:: PROBLEM DETAILS ::
Retype the lines below exactly, but only those from the line that has "Olivenhain Design - Two" through the line that has "A SET OF THREE". Omit every picture.

:: GIVEN DATA ::
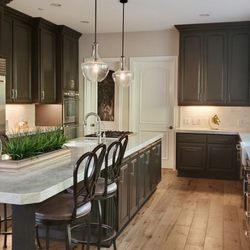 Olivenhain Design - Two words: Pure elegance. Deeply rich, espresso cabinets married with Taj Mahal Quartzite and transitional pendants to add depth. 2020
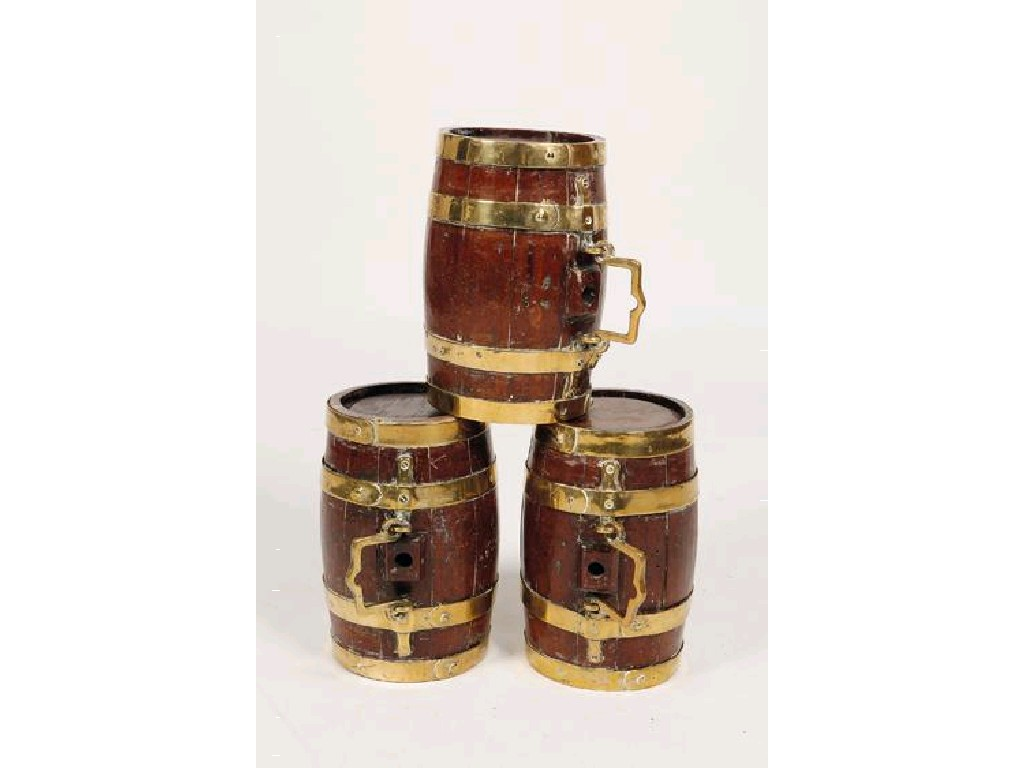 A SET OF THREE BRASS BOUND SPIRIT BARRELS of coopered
==
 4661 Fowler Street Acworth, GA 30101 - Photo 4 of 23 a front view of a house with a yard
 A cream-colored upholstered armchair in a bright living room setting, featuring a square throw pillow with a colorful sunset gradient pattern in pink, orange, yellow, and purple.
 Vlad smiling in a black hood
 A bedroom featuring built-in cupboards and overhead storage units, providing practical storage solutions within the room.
* * *
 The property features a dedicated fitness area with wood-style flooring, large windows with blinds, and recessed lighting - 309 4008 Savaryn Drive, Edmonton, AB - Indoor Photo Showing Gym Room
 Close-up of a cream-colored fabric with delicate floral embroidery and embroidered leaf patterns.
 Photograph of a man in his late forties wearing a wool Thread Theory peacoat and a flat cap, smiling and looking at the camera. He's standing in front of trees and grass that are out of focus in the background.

:: WRITTEN ANSWER ::
 Olivenhain Design - Two words: Pure elegance. Deeply rich, espresso cabinets married with Taj Mahal Quartzite and transitional pendants to add depth. 2020
 A SET OF THREE BRASS BOUND SPIRIT BARRELS of coopered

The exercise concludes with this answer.